The approximate value can be used for the acceleration due to gravity on the earth's surface . ${\ displaystyle g = 9 {,} 81 \, \ mathrm {\ tfrac {m} {s ^ {2}}}}$

However, if you want to determine the weight on the earth more precisely, the location dependency of the gravitational acceleration ( at the equator or at the poles) must be taken into account using gravity formulas, for example the Somigliana formula . There are various causes for this location dependency: ${\ displaystyle g = 9 {,} 78 \, \ mathrm {\ tfrac {m} {s ^ {2}}}}$${\ displaystyle 9 {,} 83 \, \ mathrm {\ tfrac {m} {s ^ {2}}}}$

1. the centrifugal acceleration caused by the rotation of the earth ,
2. the different strength of gravity due to the flattening of the earth ,
3. local gravitational anomalies .

On the earth's surface, the first two effects depend on the geographical latitude : the first, because the latitude determines the distance of the location from the earth's axis; the second, because the latitude determines the distance from the center of the earth and the exact distribution of the earth's mass in relation to the location. In addition, there is a dependence on the height of the location above the earth's surface.

## Weight and mass

In everyday language , the weight of a body is spoken of without distinguishing whether it is its mass or its weight. However, the physical terms are very different:

• The mass is a measure of how strongly a body is generally influenced by gravitational fields and how much it resists accelerations ( inertia ).
• The weight, on the other hand, indicates how strongly a body is specifically attracted to the earth or the celestial body on which it is located.

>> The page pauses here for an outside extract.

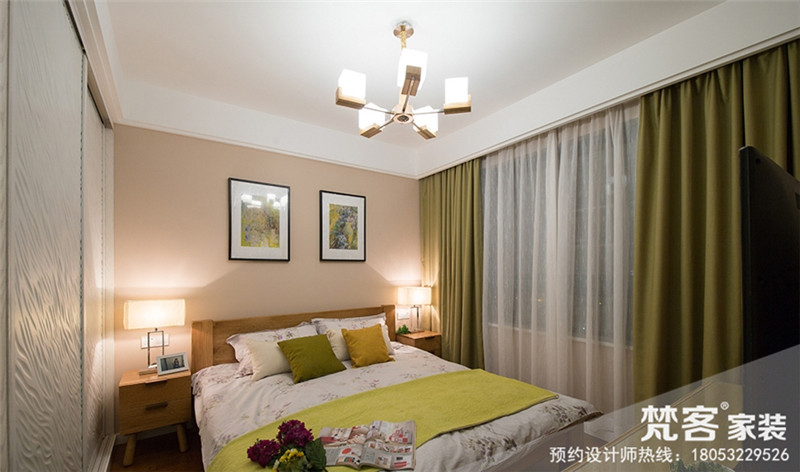 主卧室整体偏温馨，微偏小美风格，在衣柜旁建立假墙，衣柜嵌入墙里，使得墙面与柜子融为一体。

The mass is therefore an inherent property of the body, while the weight force is the result of an external influence on the body.

As a result, the mass of a body is always the same , regardless of where it is (earth, moon , weightlessness , ...), while the weight acting on it depends on the acceleration of gravity. (On the moon the weight is only about one sixth of that on earth. A body with a mass of 6 kg is therefore only as heavy on the moon as a body with a mass of 1 kg on earth)

Until 1960 it was customary to give the force in the unit kilopond  (kp). This was defined in such a way that the weight on earth, measured in kiloponds, had the same measure as the mass in kilograms ( ). After that, the kilopond in the SI system of units was replaced by the unit Newton (1 kp = 9.80665 N ≈ 1  daN ). Since then, the mass and the weight force have dimensions that are approximately around the above. Differentiating factor . ${\ displaystyle 1 \, \ mathrm {kp} = g \ cdot 1 \, \ mathrm {kg}}$${\ displaystyle 9 {,} 81}$

## Measurement

Measuring devices for the direct determination of a weight force are force gauges , for example spring balances . However, the static buoyancy falsifies the result, which is particularly noticeable with bodies of low density .

The weight force can also be determined indirectly by weighing and then converting the weight value . If you take a closer look at the functionality of a balance, you will find that the actual directly recorded measured variable is the weight force falsified by the buoyancy, even if a mass is displayed as the weighing value. For example, B. a simple beam balance the forces that the two masses exert on their respective pan.

## literature

Weight force is explained in many books that introduce mechanics. Examples are:

## Individual evidence

1. James H. Allen: Statics for mechanical engineers for dummies . John Wiley & Sons , 2012, ISBN 978-3-527-70761-4 , pp. 158 ( Google Books ).
2. Eberhard Brommundt, Gottfried Sachs , Delf Sachau: Technical Mechanics: An Introduction . 4th edition. Oldenbourg Verlag , Munich 2007, ISBN 978-3-486-58111-9 , p. 70 ( Google Books ).
3. Karlheinz Kabus: Mechanics and strength theory . 8th edition. Carl Hanser Verlag, Munich 2017, ISBN 978-3-446-45320-3 , pp. 121 ( Google Books ).